MidGLAM: Middle-school Girls Learning About Materials
Cecilia Leal and Robert Maass, University of Illinois at Urbana Champaign, USA.
Most female-focused engineering summer-camp opportunities offered at major Universities are dedicated to high-school students. While important, it is well-known that interventions at earlier stages are more likely to engage females in STEM. With this in mind, Cecilia Leal and Robert Maass launched the first annual summer-camp in Materials Science and Engineering devoted to middle-schoolers (MidGLAM: Middle-school Girls Learning About Materials) at the University of Illinois at Urbana-Champaign (UIUC). The camp explores several aspects of the synthesis, characterization, and performance of structural and bioinspired/biological materials (Figure 1). Over the past three years MidGLAM has engaged student participants and organizers at several points of the education pipeline (middle-school, undergraduate, and graduate) coming from all socio-economic backgrounds. The Materials Today Agents of Change Award will enable three important missions: i) to sustain MidGLAM completely free to participants, ii) to empower graduate students to establish a set of protocols and guidelines such that MidGLAM becomes portable and easy to implement at other sites, and iii) to offer MidGLAM at neighboring minority-serving institutions.
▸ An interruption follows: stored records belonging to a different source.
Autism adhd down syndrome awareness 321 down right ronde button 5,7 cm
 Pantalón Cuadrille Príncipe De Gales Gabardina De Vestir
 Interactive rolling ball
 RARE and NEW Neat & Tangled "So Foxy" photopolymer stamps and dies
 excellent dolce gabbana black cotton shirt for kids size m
This award will support our goal of increasing the number of females, in particular minorities, that declare an interest in Materials Science and Engineering and enroll a complete gender-balanced undergraduate student class by 2029. We also envision that collaboration amongst faculty and students during the implementation phase of MidGLAM at minority-serving universities enables a pathway for their students to transfer into UIUC’s Materials Science and Engineering program, which currently ranks #3 in the nation for undergraduate and graduate studies.